Environment Variable | Example | Description |
---|---|---|
LOG_LEVEL |
info |
Log level to start the crawler with. Has to be one of debug , info , warn , error . If unset, the crawler won't output anything. |
DISCOVERY_INTERVAL |
30 |
The interval (in seconds) that the crawler will wait before trying to crawl a bot again in the discovery loop. Defaults to 300s if unset. |
TRACKING_INTERVAL |
30 |
The interval (in seconds) that the crawler will wait before trying to crawl a bot again in the tracking loop. Defaults to 300s if unset. |
DISCOVERY_REMOVE_INTERVAL |
300 |
The interval (in seconds) that a bot is allowed to be unresponsive or benign before the crawler will remove it from the discovery loop. Defaults to 900s if unset. |
TRACKING_REMOVE_INTERVAL |
300 |
The interval (in seconds) that a bot is allowed to be unresponsive or benign before the crawler will remove it from the tracking loop. Defaults to 900s if unset. |
DISCOVERY_WORKER_COUNT |
1000 |
The number of worker Go routines the crawler will start for crawling bots in the discovery loop. Defaults to 10000 if unset. |
TRACKING_WORKER_COUNT |
1000 |
The number of worker Go routines the crawler will start for crawling bots in the tracking loop. Defaults to 10000 if unset. |
FINDPEER_WORKER_COUNT |
10 |
The number of worker Go routines the crawler will start for crawling bots in the find-peer loop.

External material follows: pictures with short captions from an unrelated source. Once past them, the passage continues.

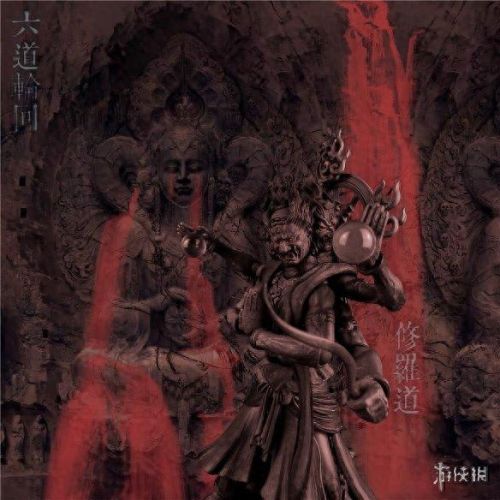 四目神纸人形攻略(四目星君收服犀牛精)插图3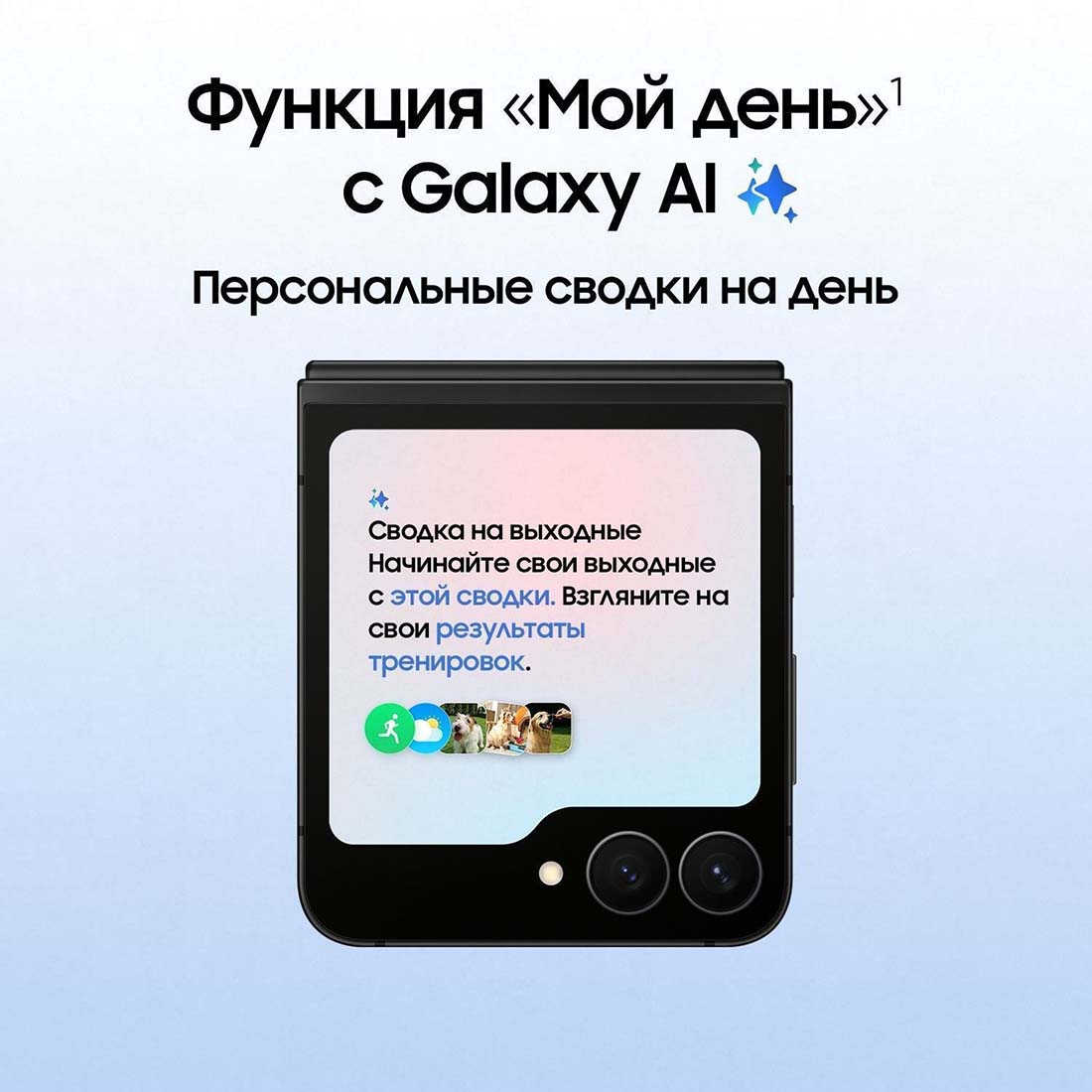 z-flip7-fe в Тамбове z-flip7-fe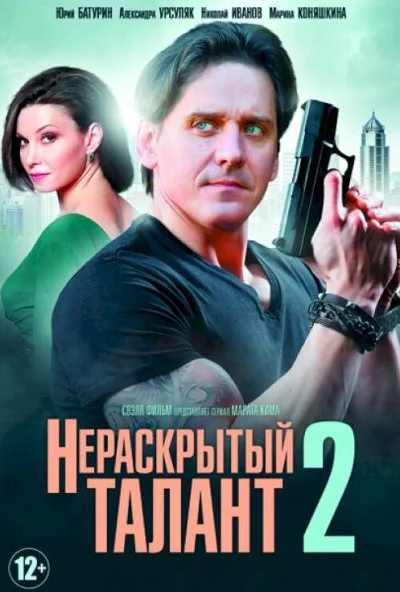 Нераскрытый талант 2 (2018)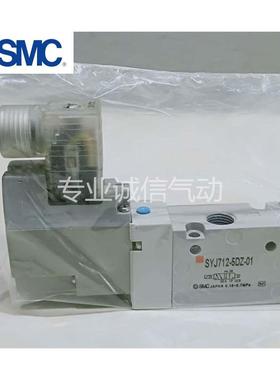 SMC电磁阀SYJ714 SYJ714R SYJ714M -6 5 4 3 2 1DZ D DZE DO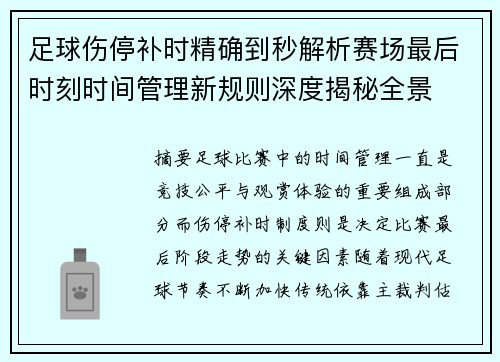 足球伤停补时精确到秒解析赛场最后时刻时间管理新规则深度揭秘全景
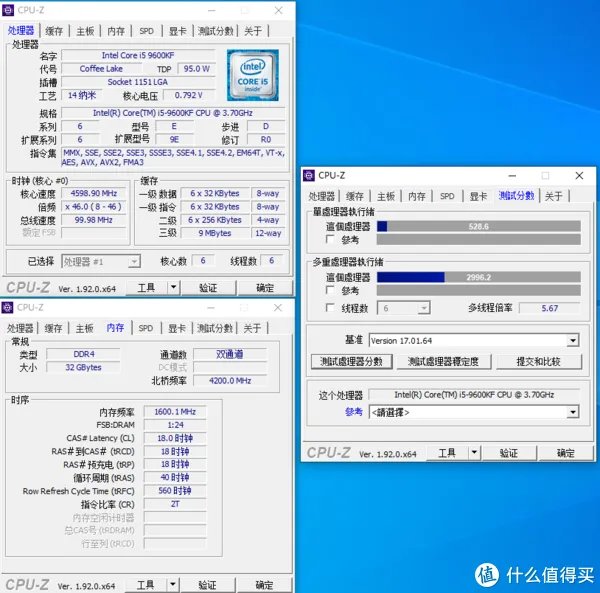 光威内存评测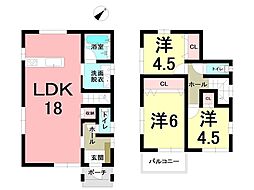 新築戸建　西伊敷4丁目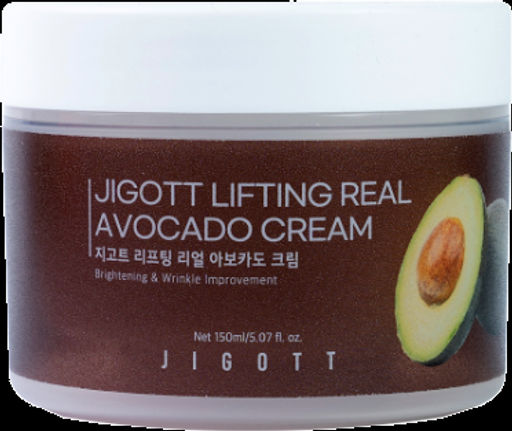 Настоящий крем из авокадо - Lifting Real Avocado Cream, 150 мл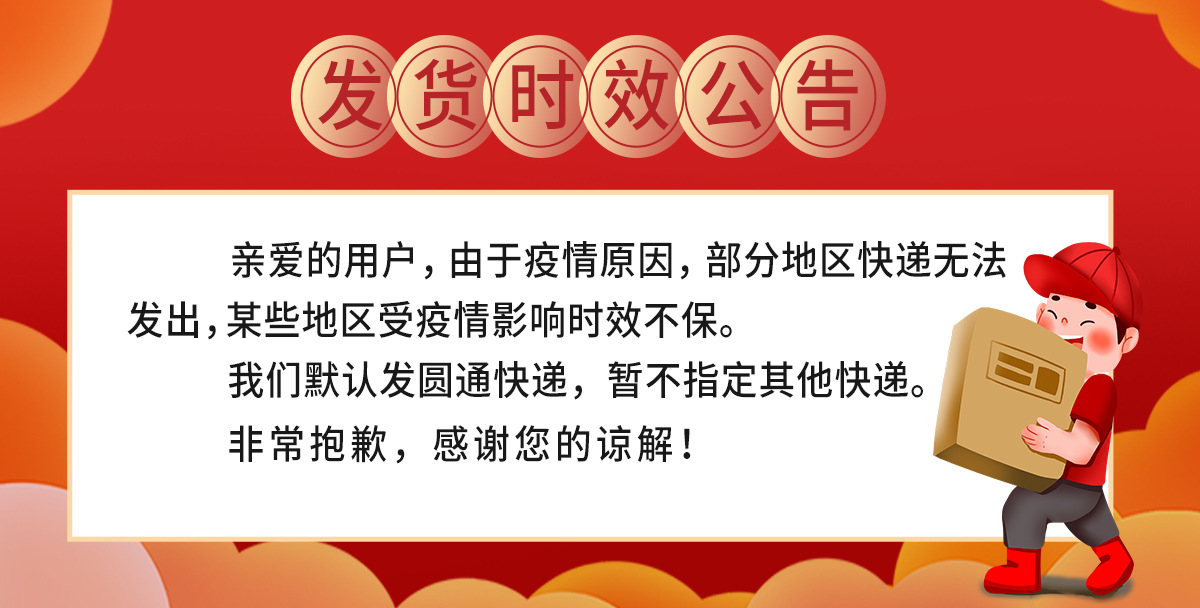 發(fā)貨時效公告（1200）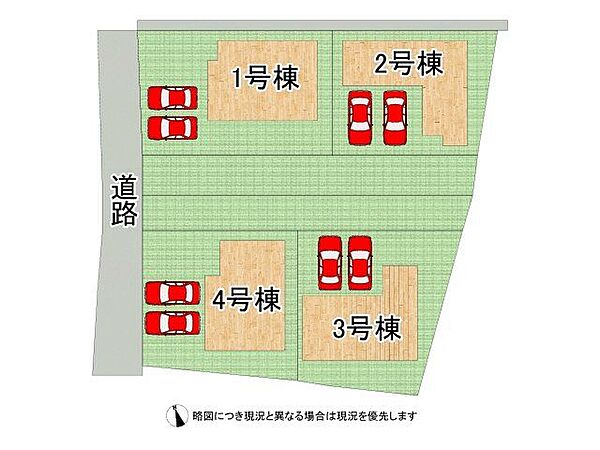 全4区画、好評分譲中！　4号棟！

Defaults to 100 if unset, will be ignored if the crawler implementation does not implement the find-peer loop. |
BMS_SERVER |
localhost:8083 |
The BMS server to send the crawled bot replies, edges and failed tries to. If unset, the crawler won't connect to a BMS server; has to be provided together with BMS_MONITOR , BMS_AUTH_TOKEN and BMS_BOTNET . |
BMS_MONITOR |
some-monitor |
The monitor ID to authenticate as. Has to exist in the database of the used BMS server. If unset, the crawler won't connect to a BMS server; has to be provided together with BMS_SERVER , BMS_AUTH_TOKEN and BMS_BOTNET . |
BMS_AUTH_TOKEN |
AAAA/some+example+token/AAAAAAAAAAAAAAAAAAA= |
The auth token to use for authentication. Has to be exactly 32 base64-encoded bytes. If unset, the crawler won't connect to a BMS server; has to be provided together with BMS_SERVER , BMS_MONITOR and BMS_BOTNET . |
BMS_BOTNET |
some-botnet |
The botnet ID to send data for. Has to exist in the database of the used BMS server. If unset, the crawler won't connect to a BMS server; has to be provided together with BMS_SERVER , BMS_MONITOR and BMS_AUTH_TOKEN . |
BMS_CAMPAIGN |
some-campaign |
The campaign ID to send data for. Has to exist in the database of the used BMS server. Is ignored if provided without BMS_SERVER , BMS_MONITOR , BMS_AUTH_TOKEN and BMS_BOTNET . |
BMS_CRAWLER_PUBLIC_IP |
198.51.100.1 |
The public IP address that the crawler is reachable under. Is ignored if provided without BMS_SERVER , BMS_MONITOR , BMS_AUTH_TOKEN and BMS_BOTNET . |
All environment variables are optional.
By default the crawler will start without a BMS connection and with defaults where necessary.
Please note that especially the BMS options BMS_SERVER
, BMS_MONITOR
, BMS_AUTH_TOKEN
and BMS_BOTNET
have to be provided as a group (while BMS_CAMPAIGN
and BMS_CRAWLER_PUBLIC_IP
are optional, but can only used if the other four options are set).
The basecrawler module also provides a function to parse a CSV file (commonly peerlist.csv
) so that it can be passed to the basecrawler constructor.
The CSV file has just one column (IP address with port, e.g. 192.0.2.1:45678
) without header.
Since not all crawlers need an up-to-date peerlist to bootstrap the crawler, it might not be needed to provide a peerlist for a crawler.